The facts that you present to the Committee for Professional Guidance raise an issue of conflict of interest. On the same day that you interviewed and entered into a contingency fee agreement with the plaintiff in a personal injury action, another attorney in your firm entered into a fee agreement and accepted a retainer from the drunk driver defendant, who was seeking representation in the criminal matter. Upon learning of the conflict of interest, you informed the defendant that you could no longer represent him and returned his retainer. Defendant is now questioning your continued representation of the plaintiff. Your question to our committee is whether you may continue to represent the plaintiff in the personal injury action. It is the opinion of the committee that you must withdraw your representation of the plaintiff, and advise him to seek new counsel fn1.
Rule 1.9 of the Rules of Professional Conduct governs conflict of interest involving a former client. Because the other attorney in your office entered into a fee agreement with the defendant, the defendant is a former client. The mandatory language of Rule l.9(a) prohibits you from representing the plaintiff in the same or substantially related matter where, as here, the defendant has questioned your continued involvement in the case. The language of Rule 1.9(a) is as follows:
A lawyer who has formerly represented a client in a matter shall not thereafter:
(a) represent another person in the same or a substantially related matter in which that person's interests are materially adverse to the interests of the former client unless the former client consents after a full disclosure of the circumstances and consultation.

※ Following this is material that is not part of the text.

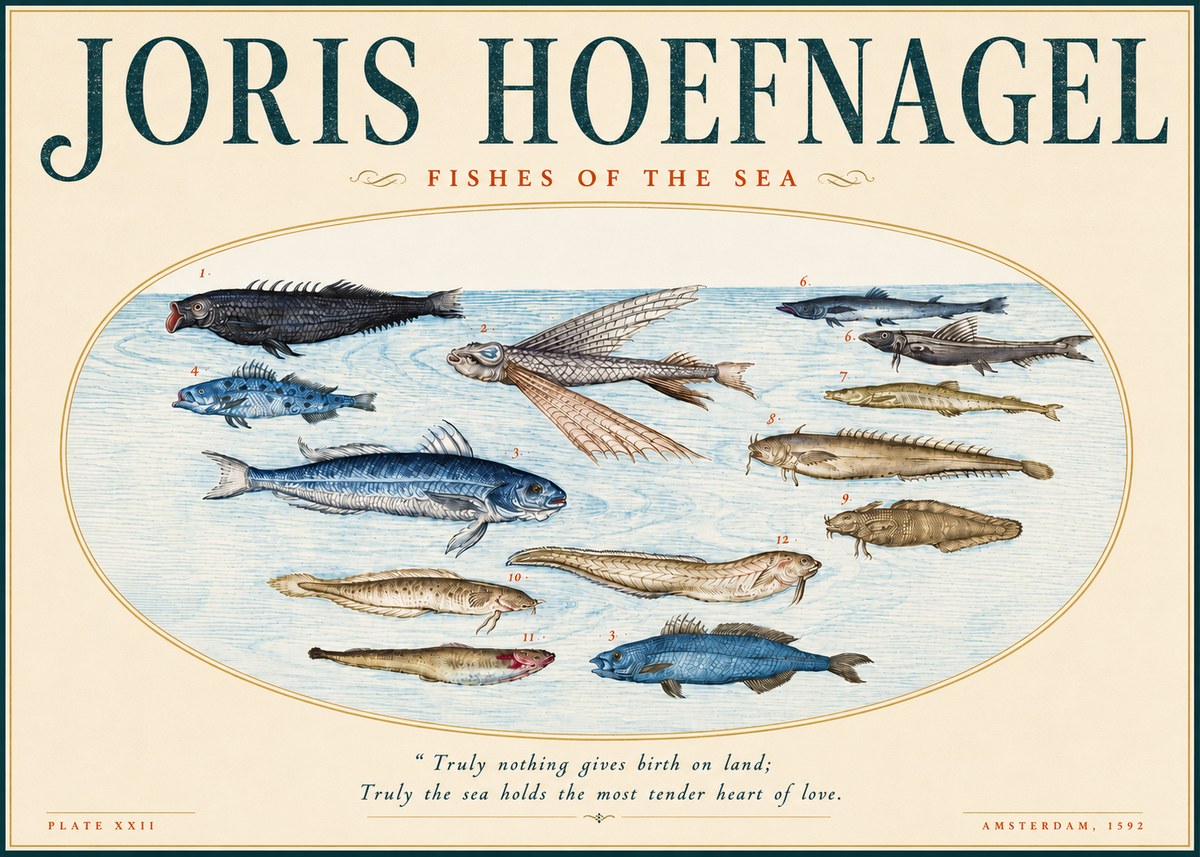 Joris Hoefnagel Fishes of the Sea I No4 - Poszter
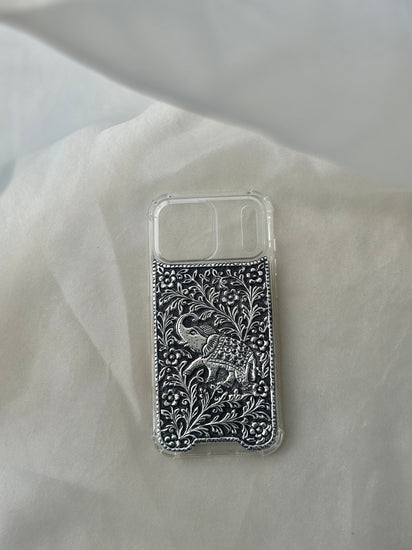 OG Elephant sterling silver mobile cover with oxidised elephant and floral motif – Eterno India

This prohibition against continued representation applies to situations where the conflict of interest involves two attorneys in the same firm. Rule 1.10(a) provides that lawyers associated in a firm may not represent a client when any one of them alone would be prohibited from doing so by Rule 1.9. The Comment to Rule 1.10(a) indicates the premise that a firm of lawyers is essentially one lawyer for purposes of loyalty to clients.
1. Some members of the committee are of the opinion that you must withdraw only if your associate interviewed the criminal defendant and received any information to the disadvantage of the former client. Rules of Professional Conduct 1.9(b).